Paula Nickolds, Managing Director at John Lewis, an Elite retailer in IRUK Top500 research, said: “As part of our plans to differentiate the John Lewis brand and to reinvent the department store for the 21st century, our shops continue to be a place where customers come and experience our brand – the physical manifestation of what we stand for.

“More than a route to selling things, our Oxford shop is a place that aims to inspire and delight our customers and is entirely focused on customer experience with Partners and finishing details at the heart of that.”


More than half of Shop Direct sales were made via smartphones for the first time in its latest financial year. The home shopping group behind brands including Very, a Top50 retailer in IRUK Top500 research,, a Top100 retailer and, said that 53% of sales were via smartphone, and 69% via mobile devices – smartphone plus tablet – in the year to July 1. A third (32%) of all mobile sales at Very came via its MyVery app, up from 21% a year earlier.

The retail group turned over £1.93bn in the year, up by 3.7% in total, or 5.6% on a like-for-like basis, while pre-tax profits of £160.4m were up by 10.2% on last time.

Shop Direct said its investment in mobile personalisation before, during and after customer journeys drove smartphone sales. Measures included working with Google and Facebook to identify users who look like Shop Direct’s most valuable customers and serving them relevant and timely ads and recommendations. It also applied machine learning to identify customers who are showing signs of lapsing. Those customers were then contacted with an incentive to buy. Machine learning also helped it to predict when a customer would run out of a product by sending a reminder for them to stock up. That approach, it said, had generated “strong results” across beauty products and scented candles.

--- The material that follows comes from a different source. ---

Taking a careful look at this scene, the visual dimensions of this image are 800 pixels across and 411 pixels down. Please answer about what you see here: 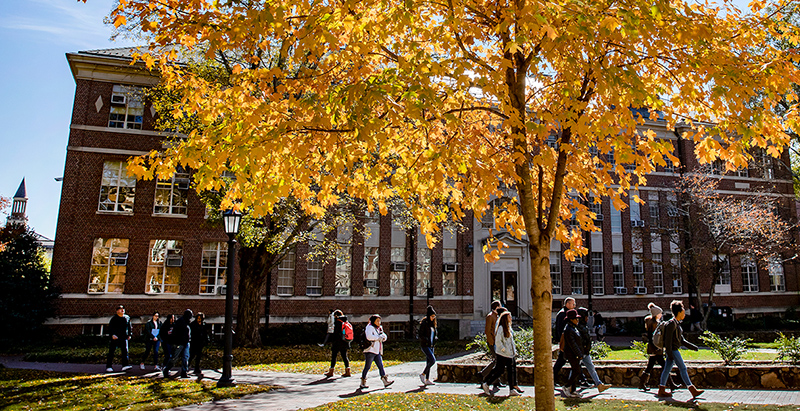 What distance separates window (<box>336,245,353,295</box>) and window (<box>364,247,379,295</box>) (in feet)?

Alex Baldock, Group Chief Executive at Shop Direct said: “Artificial intelligence is already driving results for us and we’ll soon launch one of UK retail’s first AI-powered chatbots for customer service. Longer term, we believe AI will bring scale to personalisation so digital retailers like us can be every bit as personal as stores. Very Assistant 2.0 will be another step closer to us democratising the personal shopper.”


Maplin is working to take its in-store service online by improving its flexibility and customer choice. The technology business, a Top100 retailer in IRUK Top500 research, is working with Ensono on a new digital offering, which includes both moving all appropriate applications to the SAP Hybris commerce platform while also moving mission-critical services to Amazon Web Services (AWS).

The move represents a shift to the cloud for Maplin and one that it is expecting to make it more agile in responding to the changing demands of the retail market, helping deliver better customer service. That should also help it to meet spikes in demand in the Halloween to Boxing Day quarter.

Omnichannel retailer Maplin sells 30,000 products across 800 technology categories and prides itself on the advice and information it can offer its customers in the store. Ensono was selected to help take this experience online. Since the work started, Maplin has achieved its aim of shortening its release cycle.

Alan Kay, Director of IT at Maplin said: “This is the first time we are moving mission critical applications into AWS, which made it necessary to work with a partner that not only has the technical knowledge and experience but really understands our goals in the hyper-competitive retail market. We needed a partner that can help us truly deliver the best customer experience. Ensono proved itself to be just that partner, and we have been extremely impressed with their speed of delivery and how the Ensono team has integrated with ours.”

Paul Morris, Europe Managing Director, Ensono, says: “We’re pleased to be working with Maplin on realising its vision to provide its signature instore first-class customer experience to today’s multichannel retail environment.”